* [Goal of the exercise]
Output the lines of the records exactly, from the first through the one containing "Edvin Helseth pine". Omit all pictures.

[Records from a dataset]
BEGIN

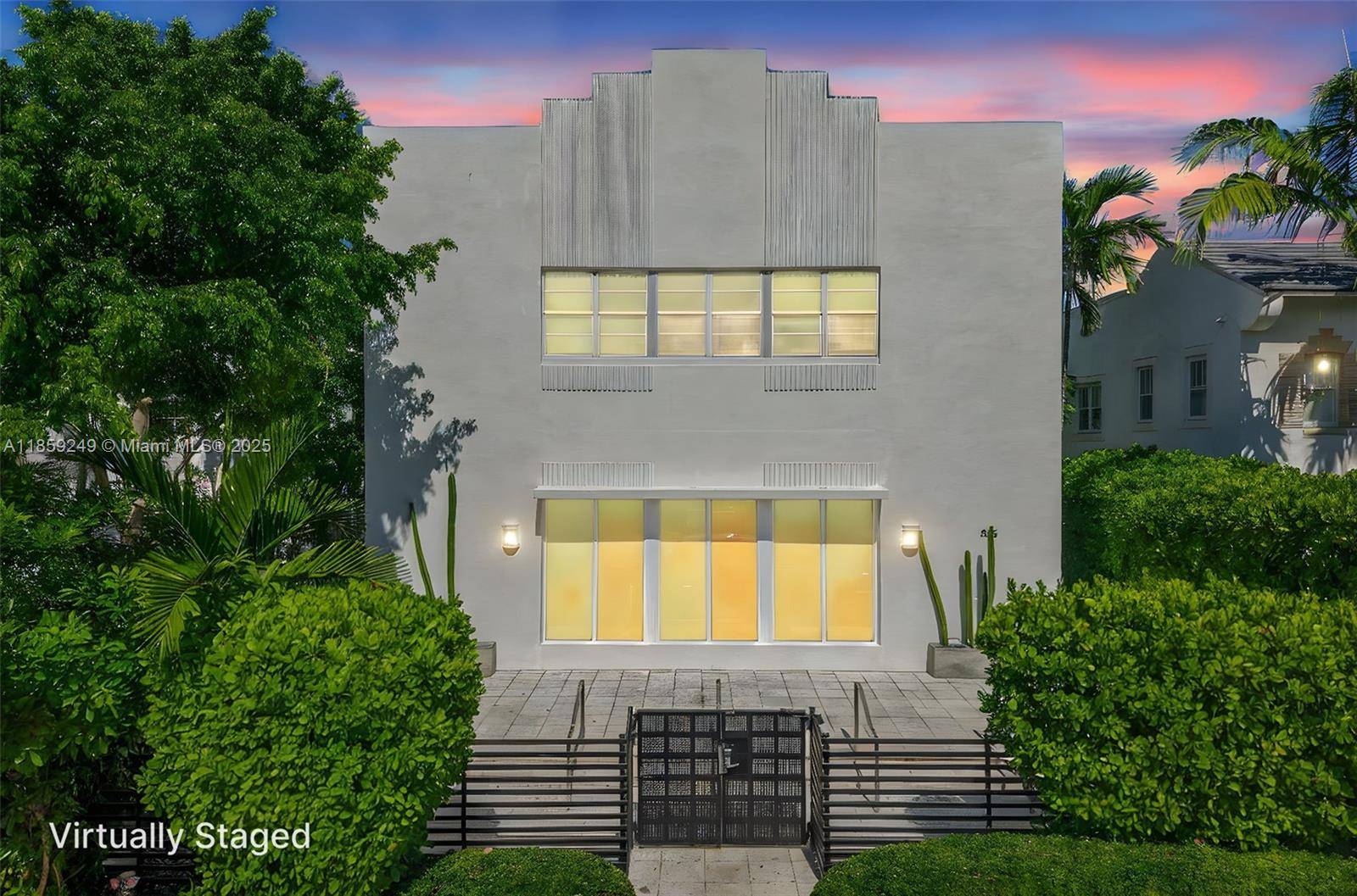 South Beach Corner Gem ! Bright 1BD 1BA with 11 ft ceilings, open layout, impact windows, remodeled kitchen w granite amp ; s s appliances, walk in closet, updated bath, ...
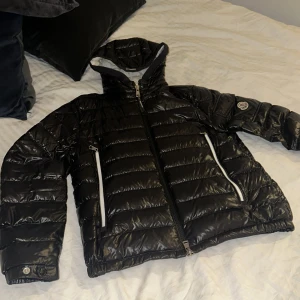 Moncler GALION GIUBBOTTO - Säljer min Moncler jacka då jag vill köpa en annan modell, har haft den i 5 månader men använd kanske januari och februari, fint skick! Köpt på NK i Stockholm, kvitto medföljer såklart. Bara att fråga för mer bilder!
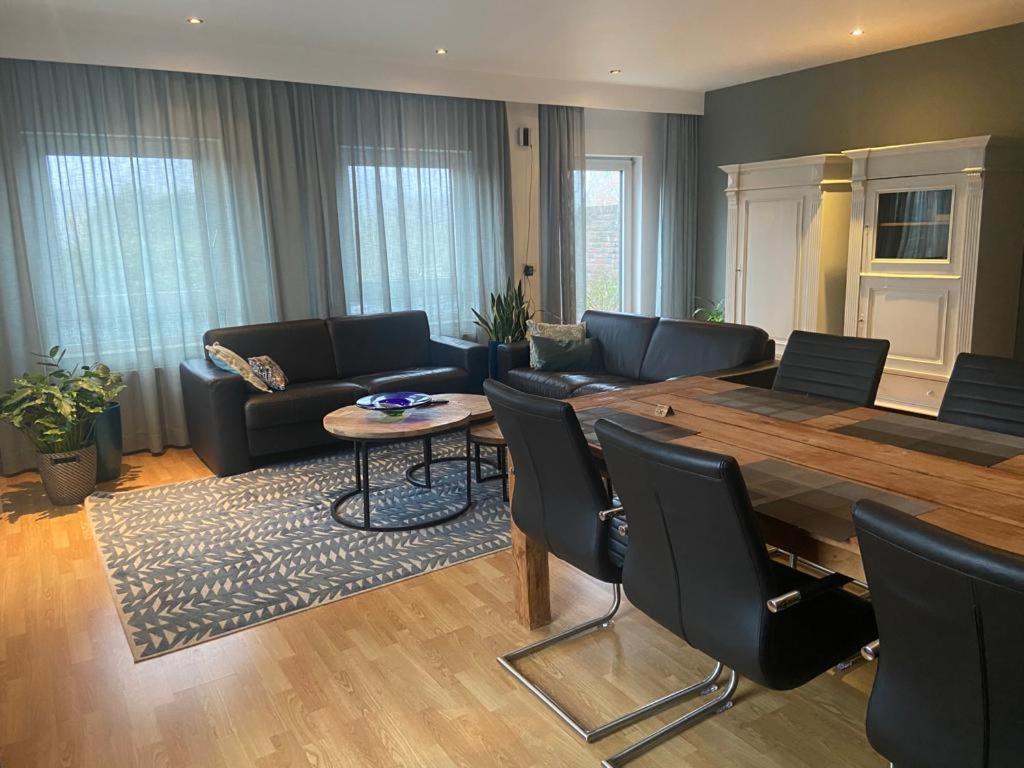 Panorama Sousberg Appartementen Schin op Geul Eksteriør bilde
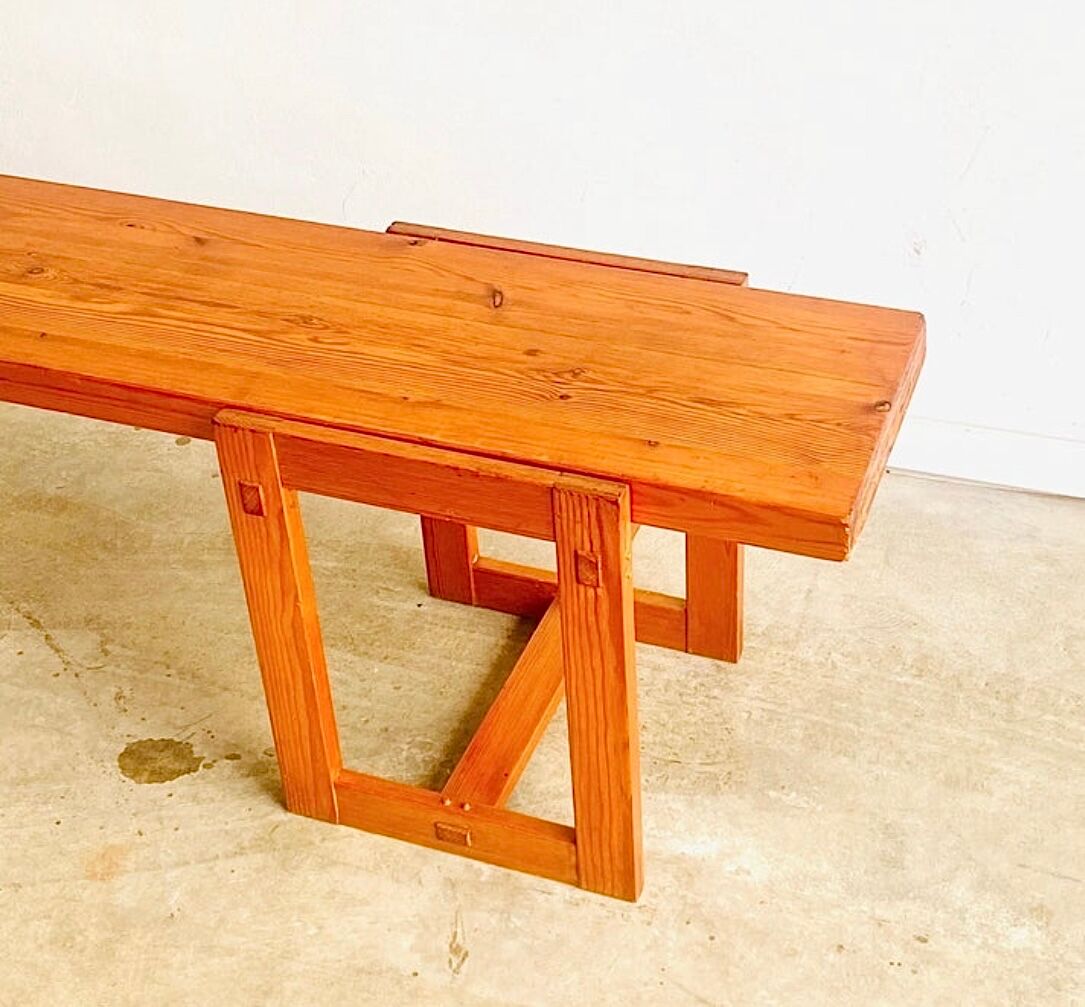 Edvin Helseth pine bench model Trybo, for the Trysil ski resort, Norway, 1964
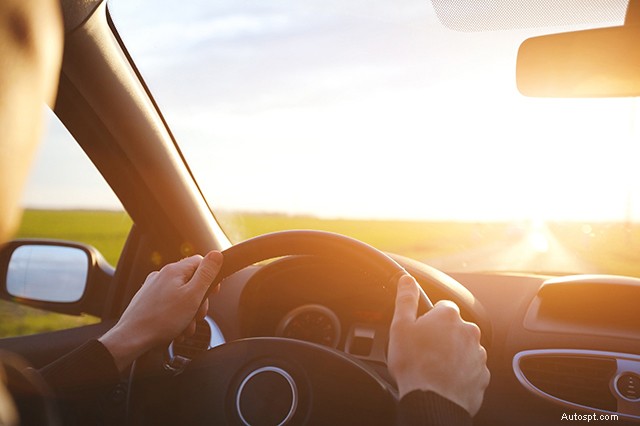 春の安全な運転:濡れた道路を移動するための専門家のヒント 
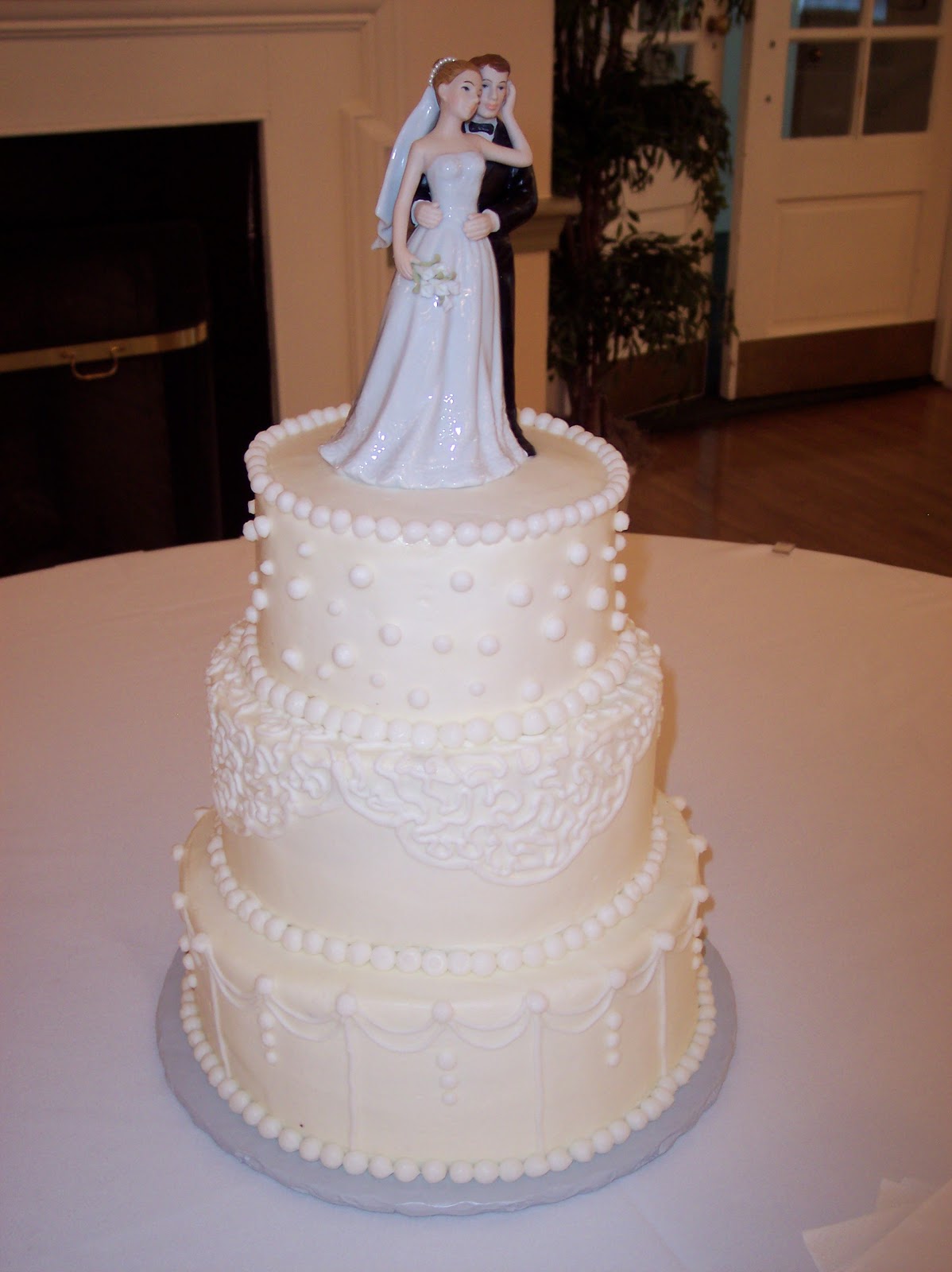 Wedding Cake Cornelli Lace and Dot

END

* [Task response]
 South Beach Corner Gem ! Bright 1BD 1BA with 11 ft ceilings, open layout, impact windows, remodeled kitchen w granite amp ; s s appliances, walk in closet, updated bath, ...
 Moncler GALION GIUBBOTTO - Säljer min Moncler jacka då jag vill köpa en annan modell, har haft den i 5 månader men använd kanske januari och februari, fint skick! Köpt på NK i Stockholm, kvitto medföljer såklart. Bara att fråga för mer bilder!
 Panorama Sousberg Appartementen Schin op Geul Eksteriør bilde
 Edvin Helseth pine bench model Trybo, for the Trysil ski resort, Norway, 1964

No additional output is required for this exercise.